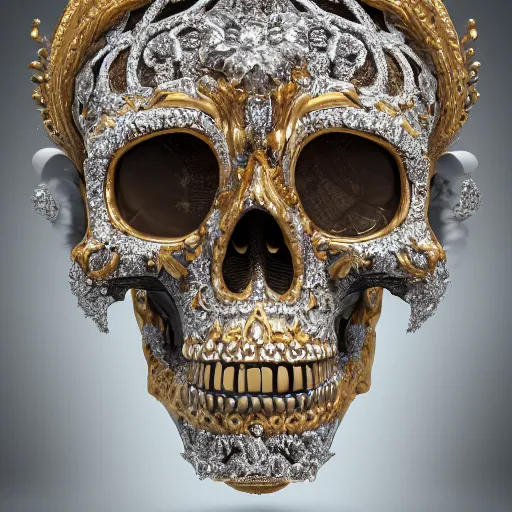 Image similar to a portrait of a beautiful ornate and intricate rococo skull with silver and gold details and diamonds inside a rococo frame, 4k, octane render, vray, unreal engine, photorealistic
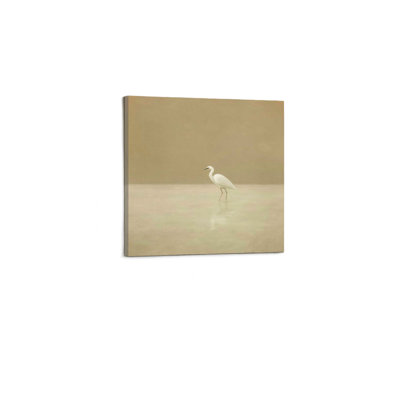 Aigrette blanche dans des eaux calmes, sépia minimaliste, art moderne sur toile, 24 x 24 po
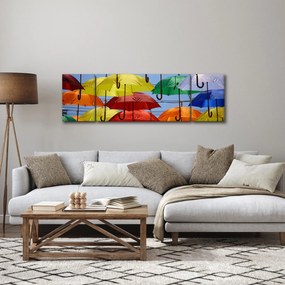 Obraz kolorowych parasoli (170x50 cm)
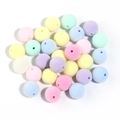 Colorful 16mm flocked acrylic beads in macaron colors for DIY jewelry making - Diameter 16mm Hole 2.7mm / Light Mixed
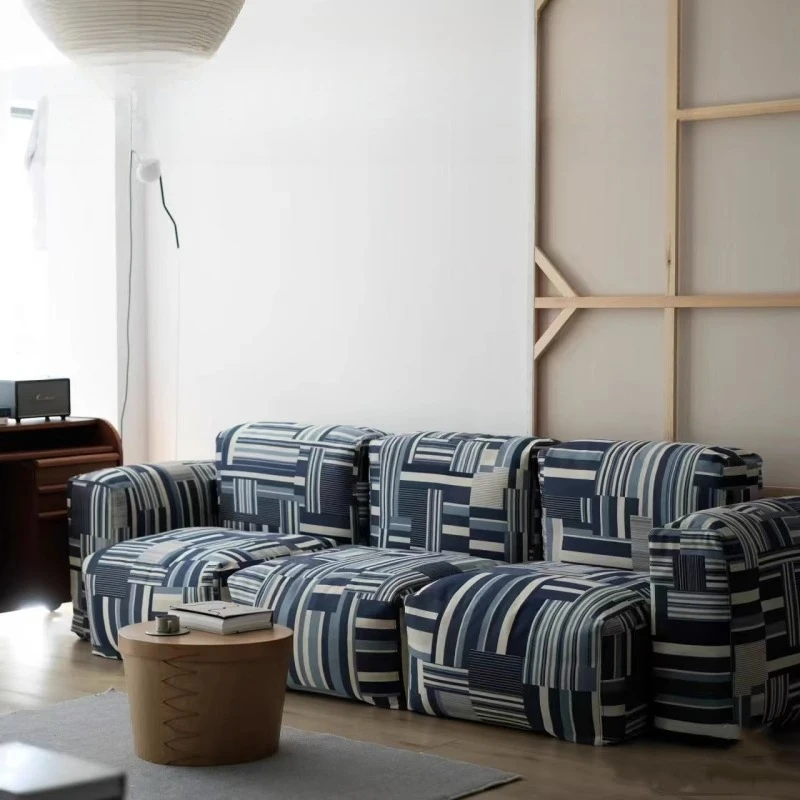 

Niche retro design denim splicing cloth sofa casual lazy wind small apartment bread module living room sofa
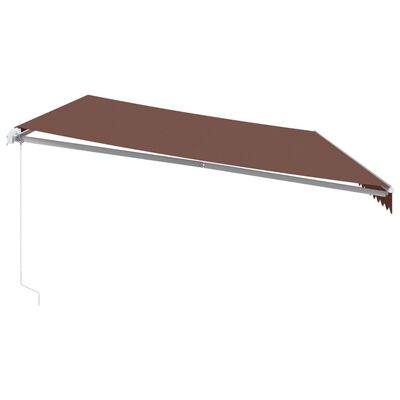 vidaXL Manuell uttrekkbar markise med LED brun 600x350 cm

What you have to do:
Write out exactly the lines from the one that contains "Colorful 16mm flocked" through the last line of the data above, both included. Leave every picture out.

Task response:
 Colorful 16mm flocked acrylic beads in macaron colors for DIY jewelry making - Diameter 16mm Hole 2.7mm / Light Mixed

Niche retro design denim splicing cloth sofa casual lazy wind small apartment bread module living room sofa
 vidaXL Manuell uttrekkbar markise med LED brun 600x350 cm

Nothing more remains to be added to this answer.